Andrei Căldăraru (University of Wisconsin-Madison)

Categorical Enumerative Invariants and the $\lambda_g$ conjecture

Abstract: I will give an overview of the theory of Categorical Enumerative Invariants (CEIs), as developed in joint work with Junwu Tu and Kevin Costello. The emphasis will be on the role played by the Givental group, which controls the effect of changes of splitting on the CEIs. If time allows I will state two new conjectures which relate the derived category of the nodal cubic with the classical $\lambda_g$ conjecture in Gromov-Witten theory, due to Getzler, Faber and Pandharipande.
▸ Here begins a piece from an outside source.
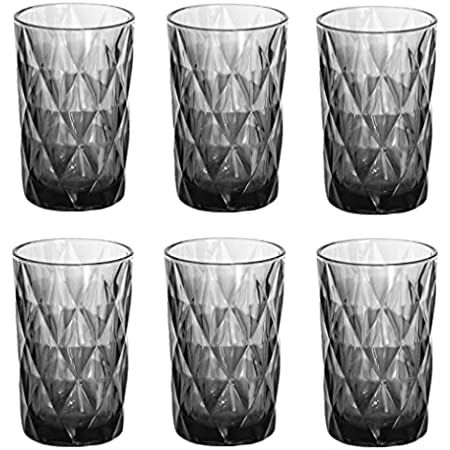 Amazon.com | Bandesun Gray Drinking Glass Set of 6 - Black Tumbler（12 oz）Kitchen Glasses Diamond Gla | Amazon (US)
The new work is joint with Weng-Him Cheung and Yunfan He, and builds on work of Yefeng Shen and Junwu Tu (unpublished).

François Greer (MSU)

Cycle-valued quasi-modular forms

Abstract: Arithmetic quotients of Type IV Hermitian symmetric domains have cohomology-valued modular forms whose coefficients are special cycles by work of Borcherds. These can be interpreted as non-compact period spaces for K3-type Hodge structures. I will describe recent results (joint with P. Engel and S. Tayou) that give mock modular forms whose coefficients are compactified special cycles in a simplicial toroidal compactification. Next, I will give two conjectural analogues of this result: one on the Gromov-Witten theory of elliptic fibrations, and one on the moduli space of principally polarized abelian varieties.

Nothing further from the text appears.